Excerpts from a dataset
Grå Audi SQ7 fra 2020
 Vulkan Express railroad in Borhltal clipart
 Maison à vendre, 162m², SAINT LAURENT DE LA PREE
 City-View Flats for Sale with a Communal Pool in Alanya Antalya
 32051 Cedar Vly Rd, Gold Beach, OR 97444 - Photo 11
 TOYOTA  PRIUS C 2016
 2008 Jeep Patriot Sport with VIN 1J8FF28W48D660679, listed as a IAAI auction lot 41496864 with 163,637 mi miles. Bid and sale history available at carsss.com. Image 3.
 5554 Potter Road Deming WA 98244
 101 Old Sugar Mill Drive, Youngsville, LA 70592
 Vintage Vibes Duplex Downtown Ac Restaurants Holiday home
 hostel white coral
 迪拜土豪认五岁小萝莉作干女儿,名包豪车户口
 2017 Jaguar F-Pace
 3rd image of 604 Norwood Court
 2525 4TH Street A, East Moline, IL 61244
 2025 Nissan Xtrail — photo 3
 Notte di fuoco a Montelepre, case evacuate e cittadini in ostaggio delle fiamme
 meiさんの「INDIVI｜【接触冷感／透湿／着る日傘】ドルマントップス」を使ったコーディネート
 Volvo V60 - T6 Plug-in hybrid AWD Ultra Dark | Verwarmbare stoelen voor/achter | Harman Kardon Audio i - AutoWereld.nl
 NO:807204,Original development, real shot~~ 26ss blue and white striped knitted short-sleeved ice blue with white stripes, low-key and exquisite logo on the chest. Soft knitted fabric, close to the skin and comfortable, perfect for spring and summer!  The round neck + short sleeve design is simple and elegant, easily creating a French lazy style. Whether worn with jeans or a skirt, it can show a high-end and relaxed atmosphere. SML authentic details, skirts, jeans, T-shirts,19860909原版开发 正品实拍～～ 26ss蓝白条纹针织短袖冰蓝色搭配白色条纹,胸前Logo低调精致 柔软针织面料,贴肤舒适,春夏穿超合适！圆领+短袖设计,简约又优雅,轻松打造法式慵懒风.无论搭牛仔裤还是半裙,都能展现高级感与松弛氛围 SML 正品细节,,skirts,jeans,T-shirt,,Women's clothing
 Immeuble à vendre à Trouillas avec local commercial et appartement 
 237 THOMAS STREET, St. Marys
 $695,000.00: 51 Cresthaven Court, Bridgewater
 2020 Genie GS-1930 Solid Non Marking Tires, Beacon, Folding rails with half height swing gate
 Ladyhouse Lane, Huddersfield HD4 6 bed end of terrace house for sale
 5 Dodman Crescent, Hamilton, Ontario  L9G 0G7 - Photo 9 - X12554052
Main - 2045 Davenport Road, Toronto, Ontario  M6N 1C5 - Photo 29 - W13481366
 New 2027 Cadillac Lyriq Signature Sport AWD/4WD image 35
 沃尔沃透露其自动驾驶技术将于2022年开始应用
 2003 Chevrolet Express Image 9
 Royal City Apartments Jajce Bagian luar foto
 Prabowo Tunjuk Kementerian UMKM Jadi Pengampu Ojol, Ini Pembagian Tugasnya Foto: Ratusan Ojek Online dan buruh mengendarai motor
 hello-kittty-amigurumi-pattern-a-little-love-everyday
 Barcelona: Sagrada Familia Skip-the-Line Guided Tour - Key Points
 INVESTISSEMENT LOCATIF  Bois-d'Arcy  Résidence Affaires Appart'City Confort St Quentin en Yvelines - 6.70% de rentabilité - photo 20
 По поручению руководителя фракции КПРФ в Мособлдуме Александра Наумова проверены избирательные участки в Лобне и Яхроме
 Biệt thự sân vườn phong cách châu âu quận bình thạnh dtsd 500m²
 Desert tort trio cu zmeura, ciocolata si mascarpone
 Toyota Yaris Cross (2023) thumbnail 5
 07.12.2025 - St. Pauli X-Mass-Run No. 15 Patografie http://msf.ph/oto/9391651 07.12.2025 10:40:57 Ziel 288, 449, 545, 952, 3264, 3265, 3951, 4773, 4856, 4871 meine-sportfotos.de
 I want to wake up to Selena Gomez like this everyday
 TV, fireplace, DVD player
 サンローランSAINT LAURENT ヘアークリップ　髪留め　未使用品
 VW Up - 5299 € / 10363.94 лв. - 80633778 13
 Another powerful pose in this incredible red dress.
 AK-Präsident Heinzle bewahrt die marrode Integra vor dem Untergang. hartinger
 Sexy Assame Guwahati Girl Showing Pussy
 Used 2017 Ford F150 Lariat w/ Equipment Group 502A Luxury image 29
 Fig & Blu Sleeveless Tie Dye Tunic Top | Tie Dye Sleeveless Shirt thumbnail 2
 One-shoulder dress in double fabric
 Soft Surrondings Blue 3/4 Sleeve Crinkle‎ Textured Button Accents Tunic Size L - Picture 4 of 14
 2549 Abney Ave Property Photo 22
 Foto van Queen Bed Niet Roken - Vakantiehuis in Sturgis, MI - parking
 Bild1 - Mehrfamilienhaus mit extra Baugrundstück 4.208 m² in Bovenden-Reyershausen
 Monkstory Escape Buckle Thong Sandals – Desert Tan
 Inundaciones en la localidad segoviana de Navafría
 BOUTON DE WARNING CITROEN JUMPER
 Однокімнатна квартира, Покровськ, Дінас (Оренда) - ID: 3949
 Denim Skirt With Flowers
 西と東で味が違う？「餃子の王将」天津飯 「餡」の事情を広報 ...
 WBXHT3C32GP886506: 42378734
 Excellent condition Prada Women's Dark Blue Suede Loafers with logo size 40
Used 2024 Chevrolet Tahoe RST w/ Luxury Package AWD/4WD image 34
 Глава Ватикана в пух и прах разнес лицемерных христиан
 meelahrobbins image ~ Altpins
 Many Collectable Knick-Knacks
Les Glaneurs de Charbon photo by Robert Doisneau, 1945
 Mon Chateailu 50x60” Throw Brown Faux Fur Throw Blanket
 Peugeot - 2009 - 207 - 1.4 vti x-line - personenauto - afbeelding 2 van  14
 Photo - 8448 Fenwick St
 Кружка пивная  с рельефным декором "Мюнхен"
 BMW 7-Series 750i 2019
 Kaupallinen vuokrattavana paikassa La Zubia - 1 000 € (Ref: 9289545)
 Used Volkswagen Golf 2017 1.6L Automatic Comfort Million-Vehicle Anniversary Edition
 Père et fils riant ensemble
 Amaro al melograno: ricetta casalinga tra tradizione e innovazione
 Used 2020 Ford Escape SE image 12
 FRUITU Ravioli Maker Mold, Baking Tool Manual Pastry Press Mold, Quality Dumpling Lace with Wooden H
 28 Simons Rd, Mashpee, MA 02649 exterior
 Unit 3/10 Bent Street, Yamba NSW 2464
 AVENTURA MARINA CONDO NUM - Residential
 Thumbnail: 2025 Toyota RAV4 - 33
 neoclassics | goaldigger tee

▶ **ABOUT THIS TASK**: Reproduce the entries above exactly, but only the lines between the line holding "Maison à vendre, 162m², SAINT" and the line holding "PRIUS C 2016", inclusive.

▶ **YOUR RESPONSE**:
 Maison à vendre, 162m², SAINT LAURENT DE LA PREE
 City-View Flats for Sale with a Communal Pool in Alanya Antalya
 32051 Cedar Vly Rd, Gold Beach, OR 97444 - Photo 11
 TOYOTA  PRIUS C 2016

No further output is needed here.